[MATERIAL FOR THIS TASK — start]

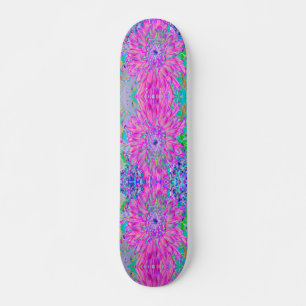 Cool rosa Blau und Lila Künstlerische Dahlia Blüte Skateboard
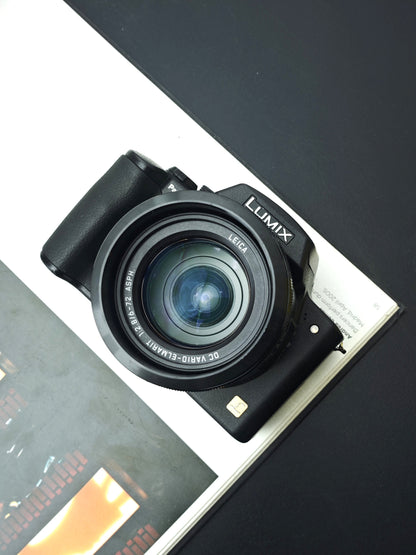 Used Panasonic Lumix DMC-FZ20 Digital Camera [No charger]
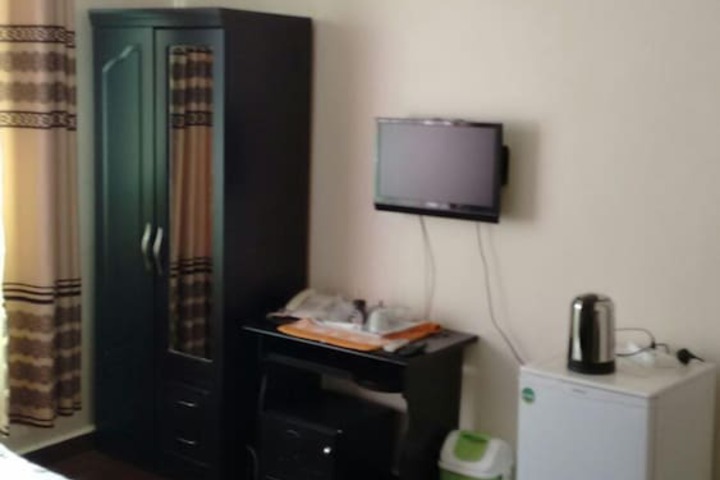 Room 10 of 35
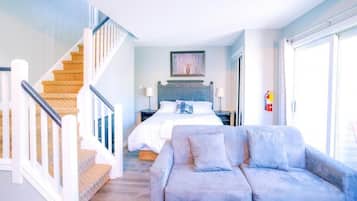 Standard Apartment, 2 Bedrooms, Non Smoking, Mountain View | Iron/ironing board, free WiFi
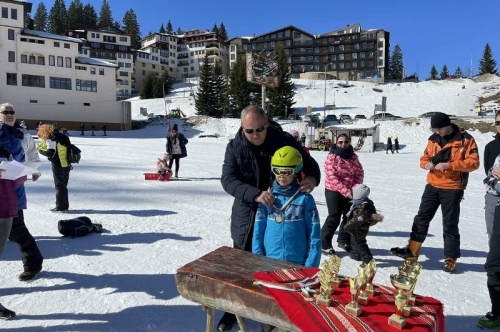 Кметът Николай Митков награди победителите в ски-състезанието на Пампорово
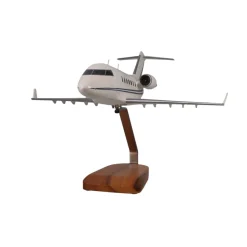 Bombardier Challenger 600 Large Mahogany Model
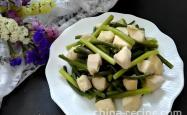 The method of stir frying diced chicken with garlic sprouts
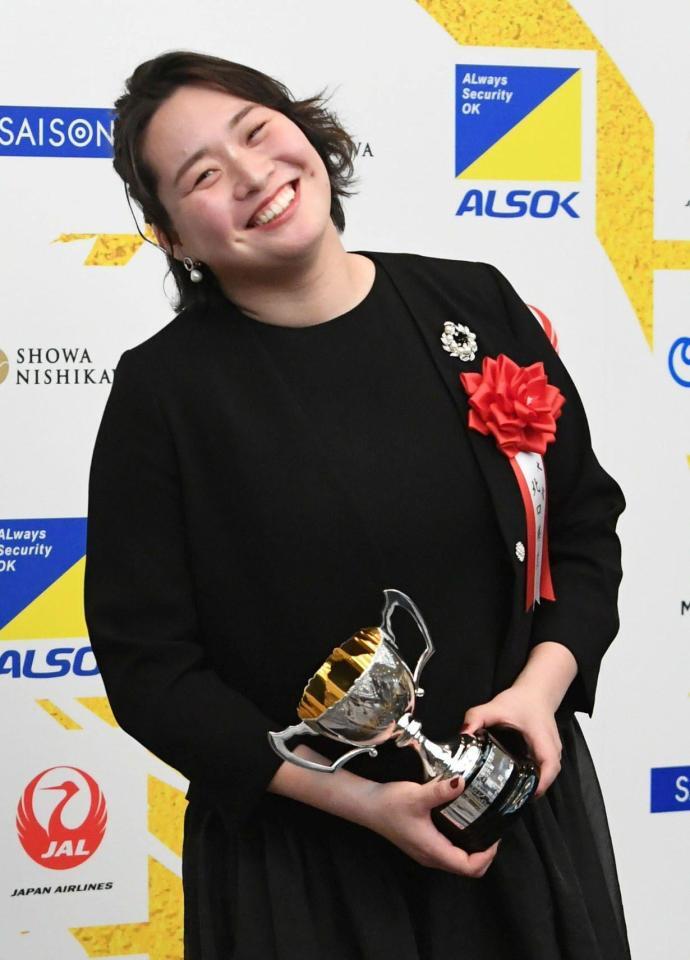 　笑顔で記者の質問に答える北口榛花（撮影・佐藤厚）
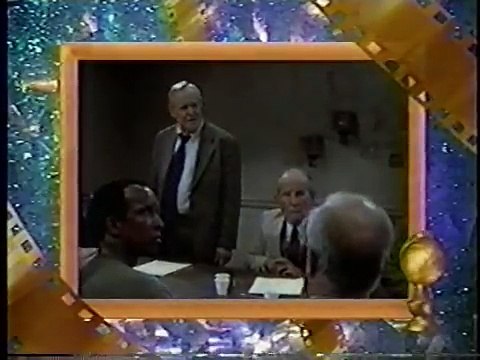 Ving Rhames gives his Golden Globe to Jack Lemmon (1998)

[MATERIAL FOR THIS TASK — finish]

In your answer, give every line of the listing above exactly, and do not include the images.

 Cool rosa Blau und Lila Künstlerische Dahlia Blüte Skateboard
 Used Panasonic Lumix DMC-FZ20 Digital Camera [No charger]
 Room 10 of 35
 Standard Apartment, 2 Bedrooms, Non Smoking, Mountain View | Iron/ironing board, free WiFi
 Кметът Николай Митков награди победителите в ски-състезанието на Пампорово
 Bombardier Challenger 600 Large Mahogany Model
 The method of stir frying diced chicken with garlic sprouts
 　笑顔で記者の質問に答える北口榛花（撮影・佐藤厚）
 Ving Rhames gives his Golden Globe to Jack Lemmon (1998)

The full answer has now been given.